DIRECTIONS FOR THIS TASK
Your answer must be the lines from the one containing "s Stainless Steel Silver Dial W25032P5 Men" through the last line of the records below, copied exactly, with the pictures left out.

Start of DATA SUPPLIED

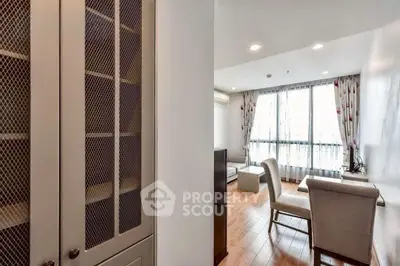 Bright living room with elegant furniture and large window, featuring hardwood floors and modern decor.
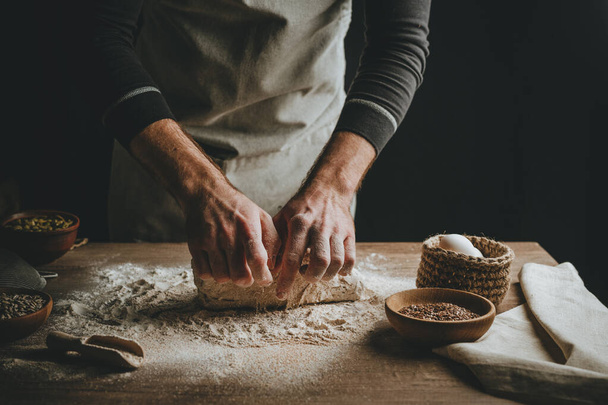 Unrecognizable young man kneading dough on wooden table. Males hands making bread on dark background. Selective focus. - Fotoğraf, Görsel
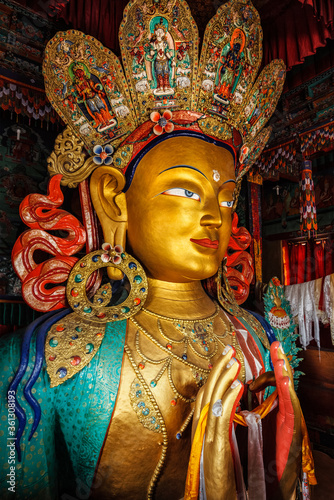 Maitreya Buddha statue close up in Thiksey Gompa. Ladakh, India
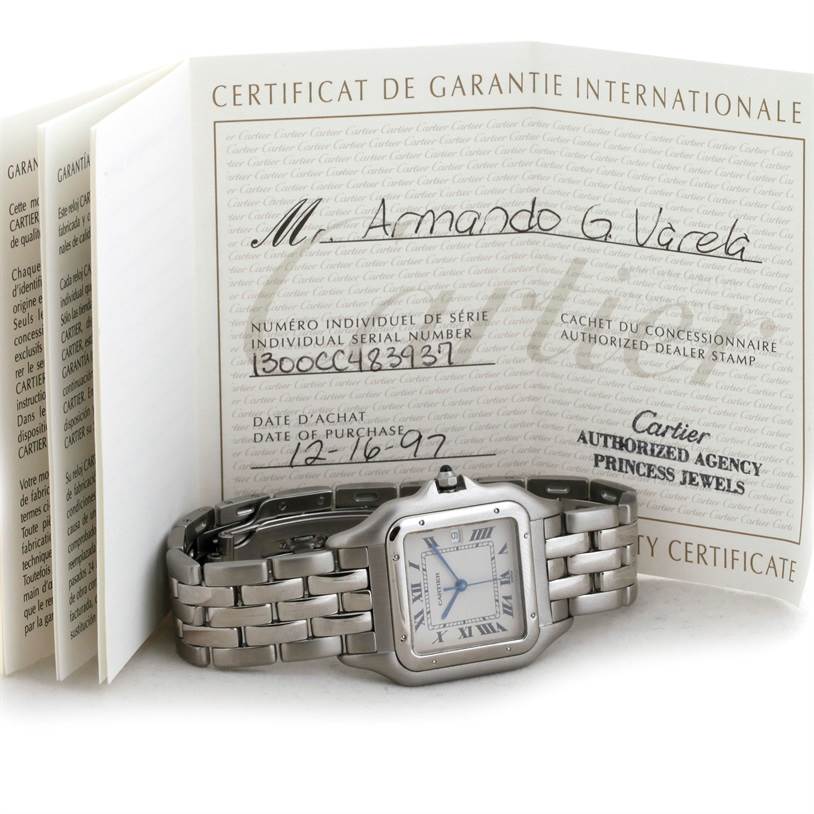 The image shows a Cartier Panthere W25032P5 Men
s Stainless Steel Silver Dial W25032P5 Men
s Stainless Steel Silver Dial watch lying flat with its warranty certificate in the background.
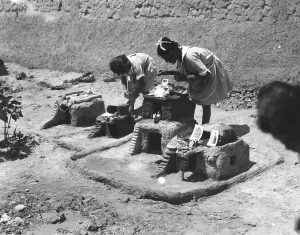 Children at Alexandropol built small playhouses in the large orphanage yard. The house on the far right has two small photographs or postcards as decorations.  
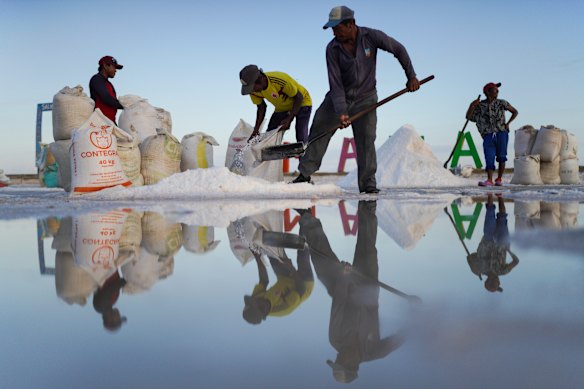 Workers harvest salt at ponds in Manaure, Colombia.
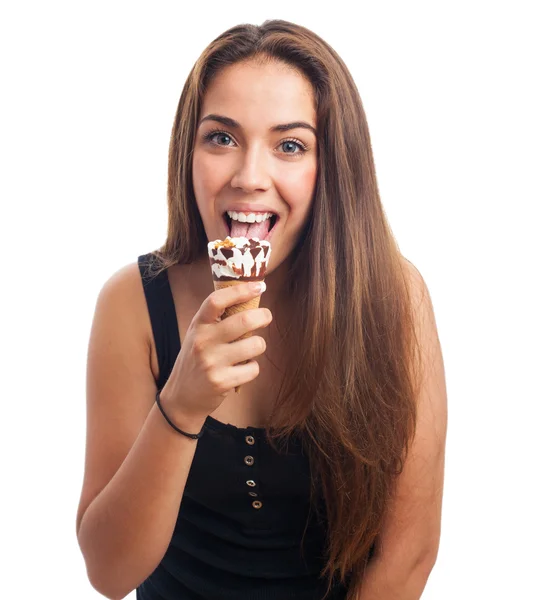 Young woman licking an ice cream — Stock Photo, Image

End of DATA SUPPLIED

RESULT OF THE TASK
s Stainless Steel Silver Dial W25032P5 Men
s Stainless Steel Silver Dial watch lying flat with its warranty certificate in the background.
 Children at Alexandropol built small playhouses in the large orphanage yard. The house on the far right has two small photographs or postcards as decorations.  
 Workers harvest salt at ponds in Manaure, Colombia.
 Young woman licking an ice cream — Stock Photo, Image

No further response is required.